Full list of Top 100 NHL Draft Prospects
1. Nail Yakupov, Left Wing, Sarnia-OHL
The highly-skilled Sarnia forward was near the top of the OHL in scoring as a pre-draft player, although he was a late birthdate and continued his dominance in his draft season. He's a well above-average skater with plus speed and tremendous agility. He has the ability to push the tempo up the ice and keep defenders on their heels, but he's probably even more dangerous at a standstill with high-end agility, first step acceleration, and a real slippery aspect to his game. He has such a powerful stride that he can take a handful of strides and already have travelled half the distance of the ice. Yakupov is the kind of player who consistently keeps his feet moving and has a very desirable motor to his game that shines through on a regular basis either when he's jetting through open ice or when he's engaging along the physical areas.
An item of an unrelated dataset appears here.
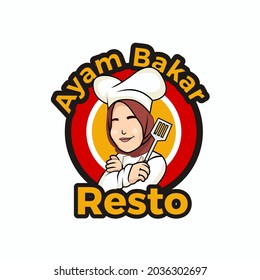 woman chef logo design vector. Restaurant logo mascot. kitchen logo vector illustration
He plays with the energy and grit at times of a fourth line player, with the skill set of a top pick. His puck skills are plus and he can dangle with the puck well. He used to be the kind of player who sometimes would try to do too much with the puckwhich is a minor flaw in his game currentlybut he has addressed that to a large degree. This season, Yakupov added a high-end passing element to his game that has made him an even more dangerous offensive weapon as he can make quite impressive feeds to keep the defense from keying in on him and only him. His hockey sense is very good, with the creativity and instincts that tend to have him steps ahead of the pace at the OHL level. Yakupov shoots at an elite level, with a simply tremendous laser that can score from mid-distance with regularity. His size is slightly concerning and his overall physical traits likely top out as below-average at best. He also could use some work in the defensive end of the rink.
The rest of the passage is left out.